» **Your assignment**
Before printing, remove every picture; then print the lines below exactly, from the first line through the line containing "Holloway Men's Repreve®".

Supplied information START

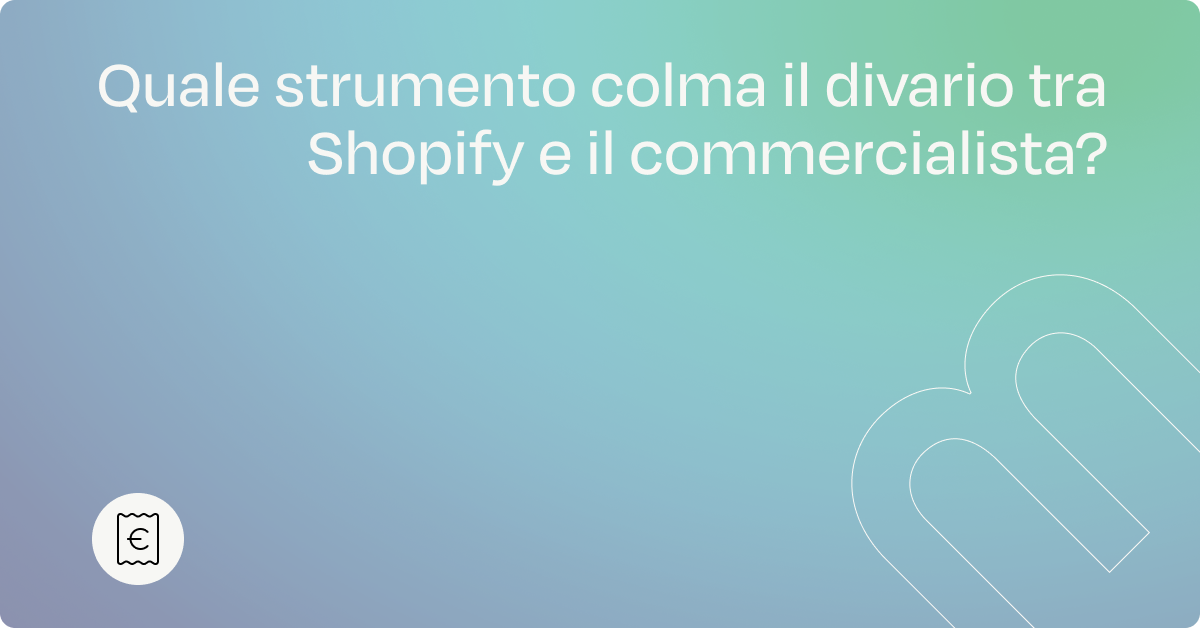 Collegare la contabilità a Shopify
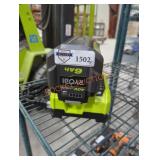 Ryobi 40v 6 ah battery and charger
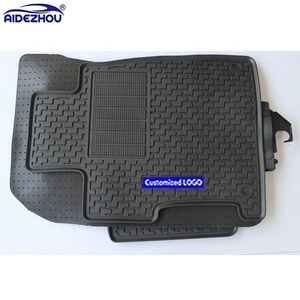 Tapetes para Auto de Látex/Goma/PVC Resistentes a los Arañazos e Inodoros, Compatibles con <span class=keywords><strong>Honda</strong></span> <span class=keywords><strong>CRV</strong></span> 2007-2011 (2007 2008 2009 2011) - Product Image 2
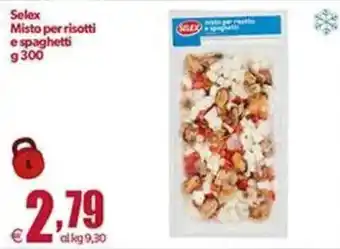 Elite Selex Misto per risotti e spaghetti offerta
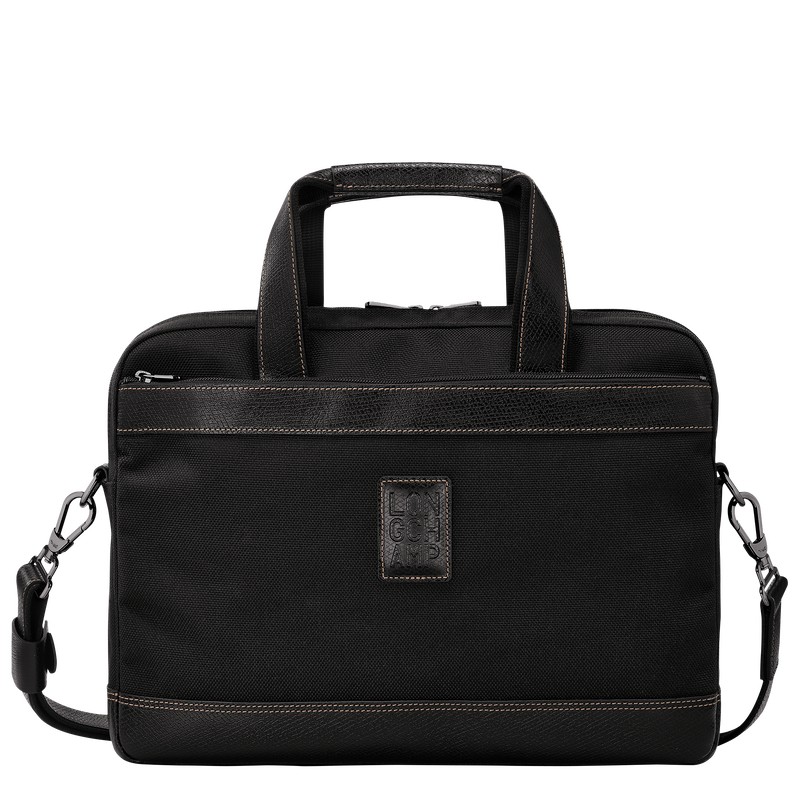 Longchamp Boxford S Briefcase Negras | JL7460825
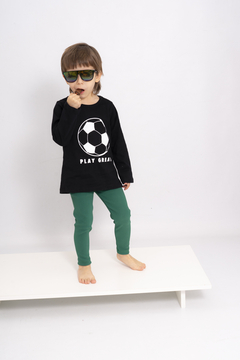 Remera Manga Larga Futbol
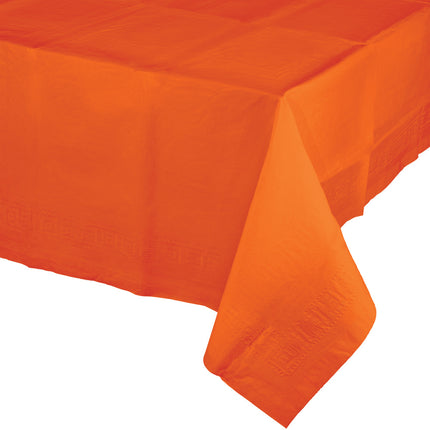 Oranje Tafelkleed 2,74m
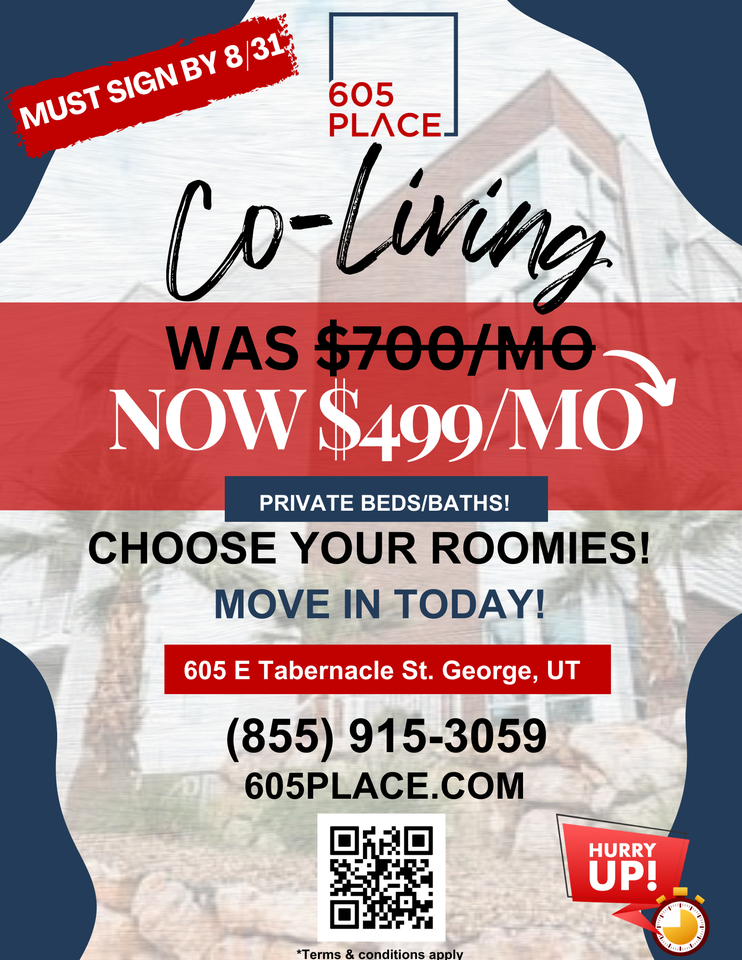 605 E Tabernacle St #2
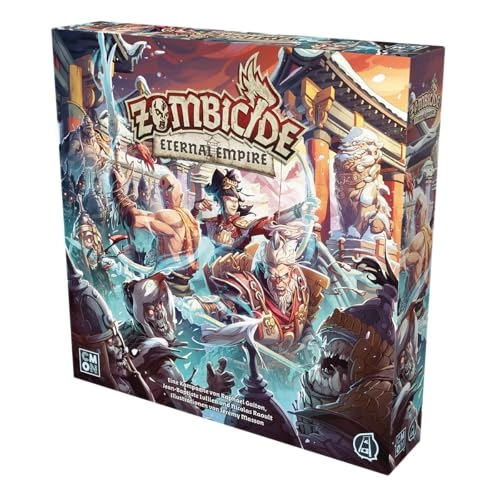 Zombicide White Death: Eternal Empire Expansion
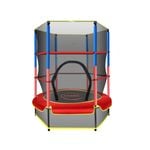 Kahuna Mini 4.5 Ft Trampoline - Red Blue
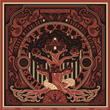 Load image into Gallery viewer, The design displays Morgan&Tina's WORLD TREE from hel red bath towel.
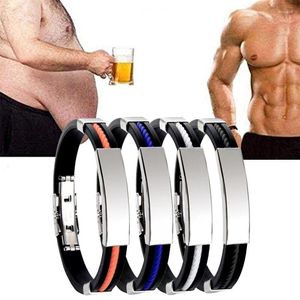 Bangle Fashion Stainless Steel Magnetic Men's Lymphatic Drainage Bracelet Personalized Trend Weight Loss Jewelry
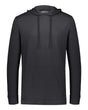 Holloway Men's Repreve® Eco Hooded Sweatshirt. 222577 - Black
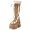 Demonia By Pleaser Women's Camel-311 Boot,Tan Suede,6 M US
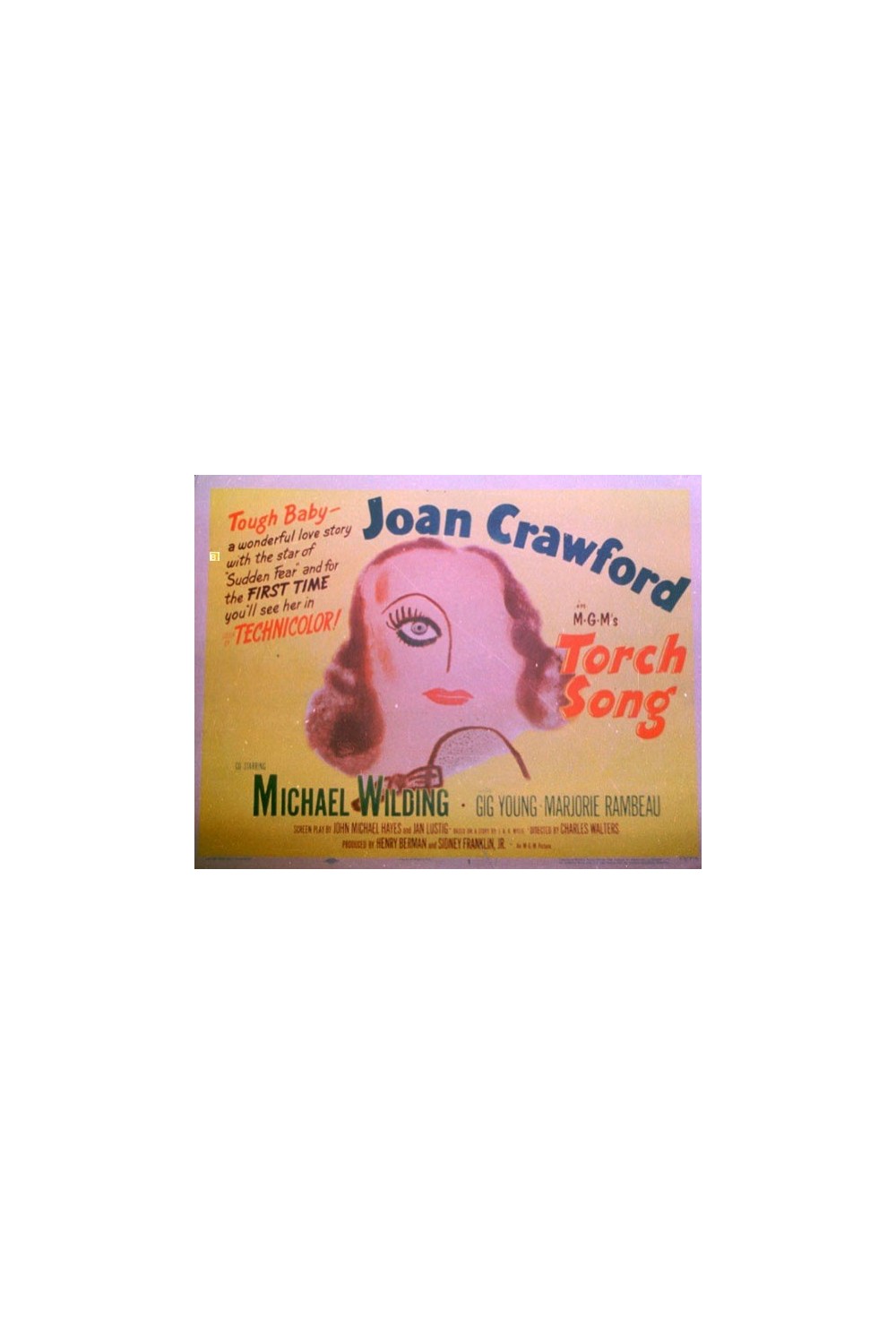 TORCH SONG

Supplied information END

» **Solution**
 Collegare la contabilità a Shopify
 Ryobi 40v 6 ah battery and charger
 Tapetes para Auto de Látex/Goma/PVC Resistentes a los Arañazos e Inodoros, Compatibles con <span class=keywords><strong>Honda</strong></span> <span class=keywords><strong>CRV</strong></span> 2007-2011 (2007 2008 2009 2011) - Product Image 2
 Elite Selex Misto per risotti e spaghetti offerta
 Longchamp Boxford S Briefcase Negras | JL7460825
 Remera Manga Larga Futbol
 Oranje Tafelkleed 2,74m
 605 E Tabernacle St #2
 Zombicide White Death: Eternal Empire Expansion
 Kahuna Mini 4.5 Ft Trampoline - Red Blue
 Load image into Gallery viewer, The design displays Morgan&Tina's WORLD TREE from hel red bath towel.
 Bangle Fashion Stainless Steel Magnetic Men's Lymphatic Drainage Bracelet Personalized Trend Weight Loss Jewelry
 Holloway Men's Repreve® Eco Hooded Sweatshirt. 222577 - Black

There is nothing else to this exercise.